The Cars Movement Tracking test manifold evaluates a model's ability to track complex spatial transformations through sequential movement operations, requiring sophisticated spatial reasoning, attribute-based lookup, and multi-dimensional state tracking capabilities. Models must maintain accurate person-to-car mappings through diverse movement commands while filtering out confounding information that resembles operations but doesn't change state.

Task Description¶

Models are presented with an initial assignment of people to cars in a linear sequence, followed by a series of movement operations with varying complexity. After all transformations are complete, the model must identify which car position a specific person currently occupies. The task tests spatial reasoning, semantic attribute processing, reference resolution, and occupancy state tracking.

Key Features: - Multi-Dimensional Spatial Reasoning: Processing absolute positions, relative movements, and directional references - Attribute-Based Navigation: Using car properties (color, brand) for movement targeting with filtering - Reference Resolution: Handling person-relative positioning and occupancy-based movement - Confounding Resistance: Filtering out operation-like statements that don't change state - Sequential State Tracking: Maintaining accurate person-car mappings through complex transformations

Cognitive Architecture Challenge: State Space Selection¶

The Fundamental Mental Model Choice¶

This task creates a deceptive bifurcation in mental model selection that reveals deep architectural biases in language models. The problem can be represented using two competing state spaces:

Wrong Mental Model: Person-Centric State Tracking¶

# Natural but incorrect representation
alice = PersonAgent(current_car=1, preferences=["BMW"], relationships=["friends with Bob"])
bob = PersonAgent(current_car=3, preferences=["red cars"], relationships=["talks to Alice"])

Models using this representation focus on people as active agents with intentions, preferences, and social relationships. This feels natural because people are the grammatical subjects of action sentences, but leads to systematic failures in spatial tracking.

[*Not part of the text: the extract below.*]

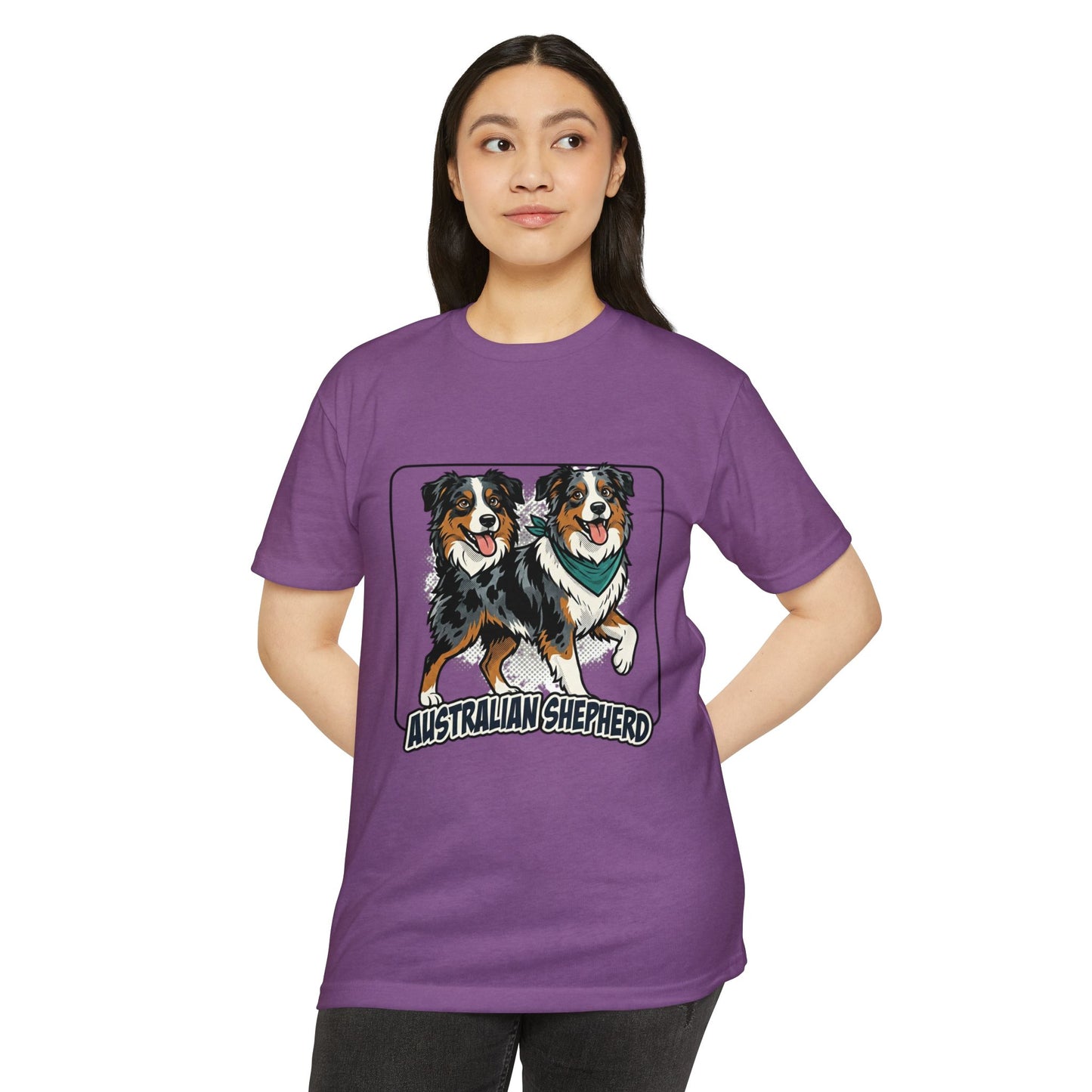Australian Shepherd Graphic T‑Shirt — Playful Double Dog Illustration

Correct Mental Model: Car-Centric State Tracking¶

# Mechanical but correct representation
cars = [
    Car(position=1, occupants=[alice], color="red", brand="Toyota"),
    Car(position=2, occupants=[], color="blue", brand="BMW"),
    Car(position=3, occupants=[bob, claire], color="green", brand="Honda")
]

Models using this representation treat people as tokens being moved through spatial positions rather than autonomous agents, enabling accurate state tracking through complex transformations.

Why Sophisticated Models Fail More¶

Large Language Models exhibit stronger anthropomorphic bias due to:

Rich Semantic Processing: Better at understanding human agency and intentionality
Narrative Coherence: Treats scenarios as stories about people rather than spatial puzzles
Social Reasoning: Gets distracted by interpersonal dynamics and preferences
Natural Language Fluency: Focuses on grammatical subjects (people) rather than spatial objects (cars)

Smaller Models often perform better because they:

Process More Mechanically: Treat sentences as state transformation commands
Exhibit Less Anthropomorphism: Don't attribute complex intentions to people
Focus on Literal Operations: Parse "gets into car #3" as position update, not personal choice
Resist Social Distractors: Less susceptible to confounding interpersonal statements

Confounding Statements as Mental Model Reinforcement¶

The confounding statements are strategically designed to strengthen the wrong mental model:

"Alice really likes the red Toyota"     → Reinforces Alice as agent with preferences
"Bob talks to Claire about the BMW"     → Creates irrelevant social dynamics
"Dave wishes he had the green Honda"    → Suggests emotional investment in cars

Models using person-centric state representation are more vulnerable to these distractors because the confounding statements feel semantically relevant to their chosen mental model.

Counter-Intuitive Scaling Effects Explained¶

"Bigger Models Perform Worse": Sophisticated language understanding becomes a liability when the task requires ignoring natural narrative structure in favor of mechanical spatial tracking.

"Simple Operations Are Hard": Basic commands like "Alice gets into car #3" appear to be about Alice's choices but actually require car-centric position updates.

"Confounding Helps Some Models": Models already using car-centric representation are unaffected by person-focused distractors, while person-centric models get increasingly confused.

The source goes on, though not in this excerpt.